Она ждала меня, стоя под лестницей, встретила меня
вопрошающими и готовыми к ужасу глазами. Я поспешно передал ей последние слова
доктора. Она опустила голову: — Да, против его воли я никогда не
пойду, — сказала она.
V
Живя на подворьи Никулиной, я иногда выходил и без цели шел
по Щепной площади, потом по пустым полям сзади монастыря, где стояло большое
кладбище, обнесенное старыми стенами. Там только ветер дул — грусть и глушь,
вечный покой крестов и плит, всеми забвенных, заброшенных, что-то пустое,
подобное одинокой, смутной мысли о чем-то. Над воротами кладбища была написана
безграничная сизая равнина, вся изрытая разверзающимися могилами, наискось
падающими надгробиями, подымающимися из-под них зубастыми и ребрастыми скелетами
и незапамятно-древними старцами и старицами в бледно-зеленых саванах. И
огромный ангел с трубой возле уст летел, трубил над этой равниной, полосами
развевая свои блекло-синие одежды, согнув в коленях голые девичьи ноги, вскинув
сзади себя длинные меловые ступни… На подворье царил осенний уездный мир, было
тоже пусто — подъезду из деревень почти не было.
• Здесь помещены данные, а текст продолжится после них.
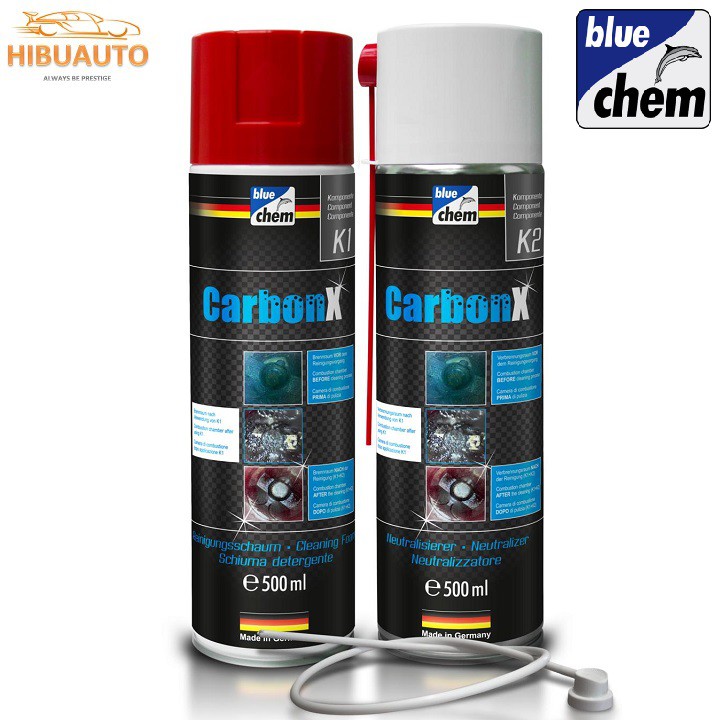 Bộ đôi làm sạch bên trong buồng đốt động cơ BLUECHEM Carbon X 500ml cao cấp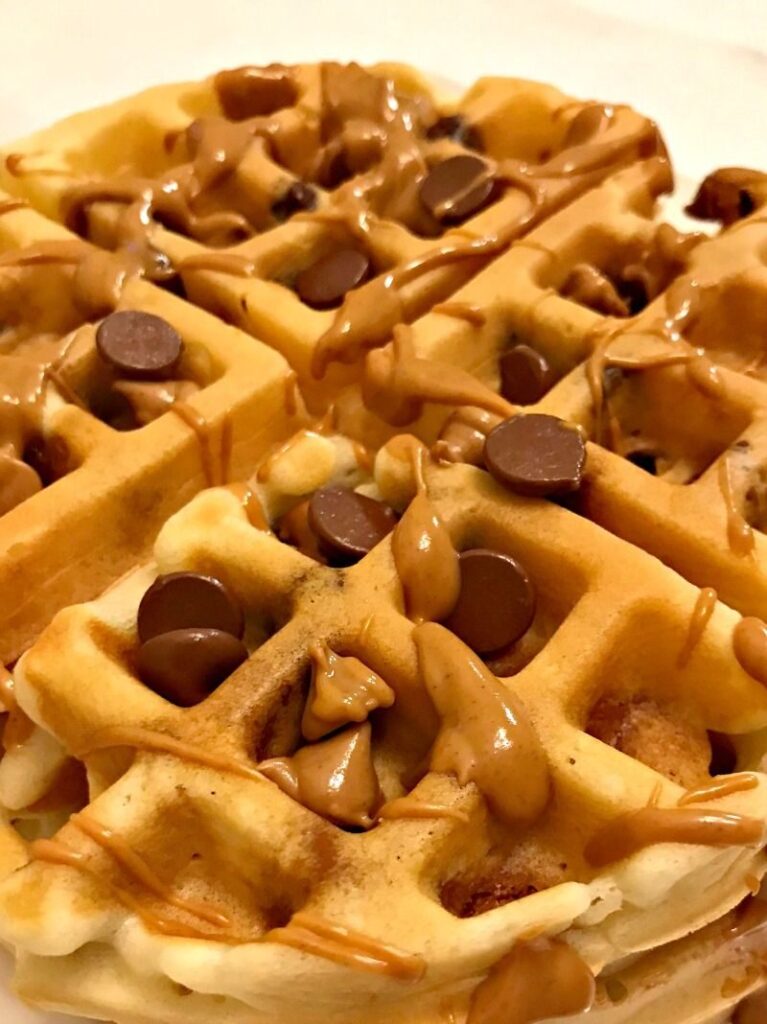 Peanut Butter Waffles with Chocolate Chips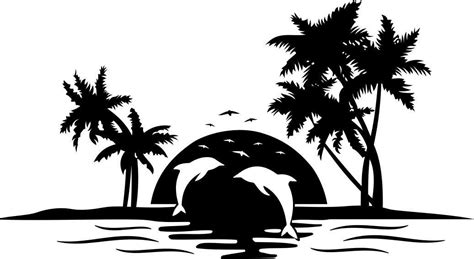 Beach Silhouette Vector at Vectorified.com | Collection of Beach Silhouette Vector free for ...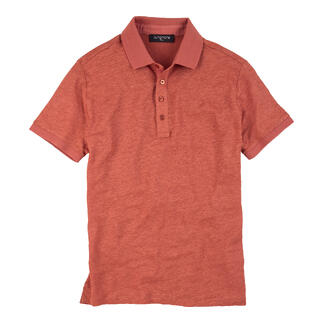 Polo en lin terracotta en taille 48 avec des manches courtes et un col classique.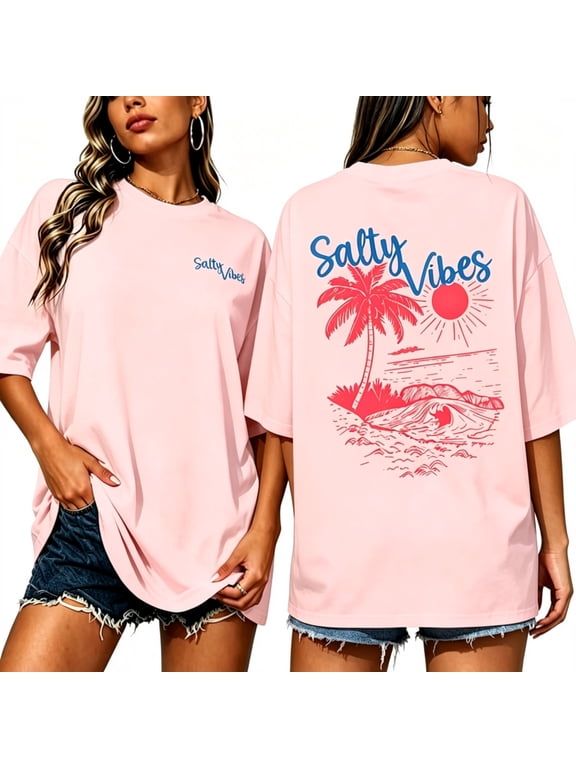 Women 100% Cotton Oversized T-Shirt Plus Size Palm Tree Ocean Soul Beach Graphic Tee Loose Hawaian Summer Tops Pink M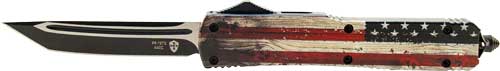 TEMPLAR KNIFE SLIM OTF WOOD US - FLAG 3.1" BLACK TANTO — view 1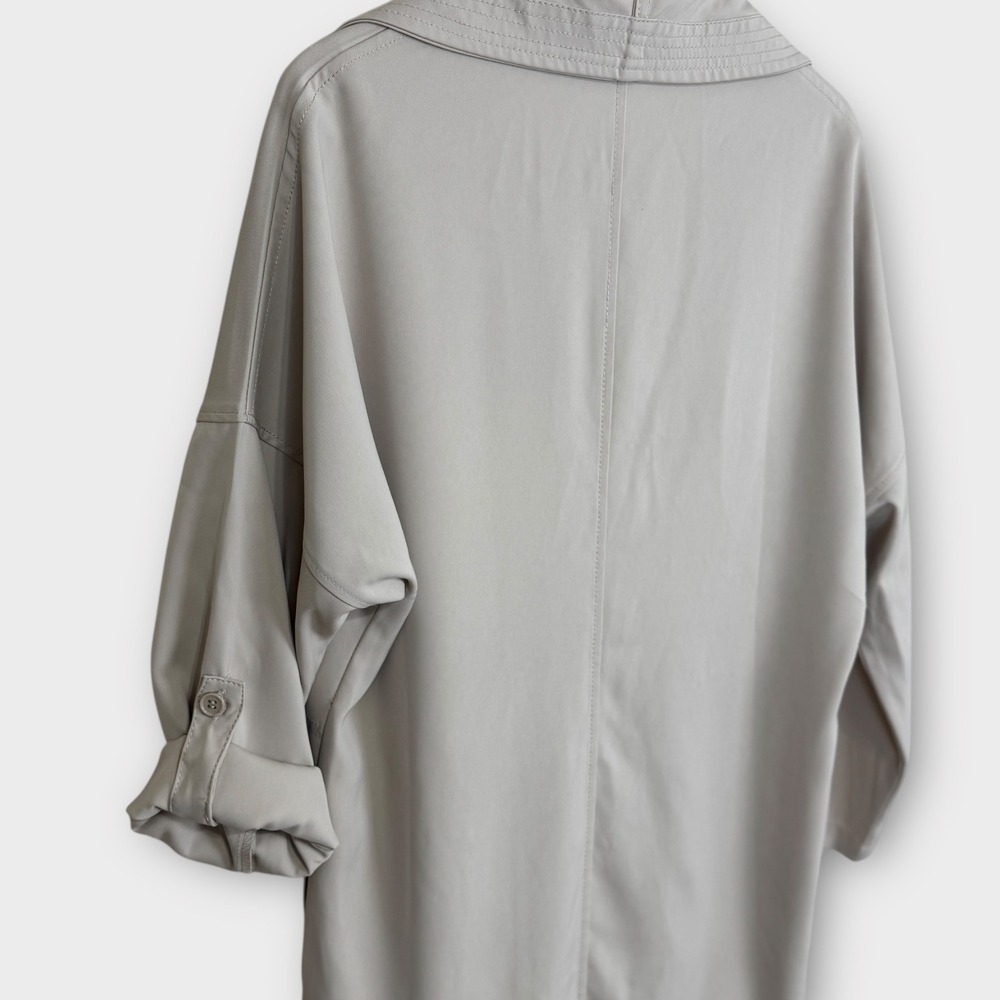 MAX STUDIO Latte Drape Front Open‎ Trench Jacket … - image 9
Я возвращался, входил во двор
— навстречу мне, из-под навесов двора, несла петуха стряпуха в мужицких
сапогах: «Вот в дом несу, говорила она, неизвестно чему смеясь, — совсем
очумел от старости, нехай теперь со мной квартирует…» Я поднимался на широкое
каменное крыльцо, проходил темные сенцы, потом теплую кухню с нарами, шел в
горницы, — там была спальня хозяйки и та комната, где стояли два больших
дивана, на которых спали редкие приезжие из мещан и духовенства, а чаще всего
один я. Тишина, в тишине мерный бег в спальне хозяйки будильника…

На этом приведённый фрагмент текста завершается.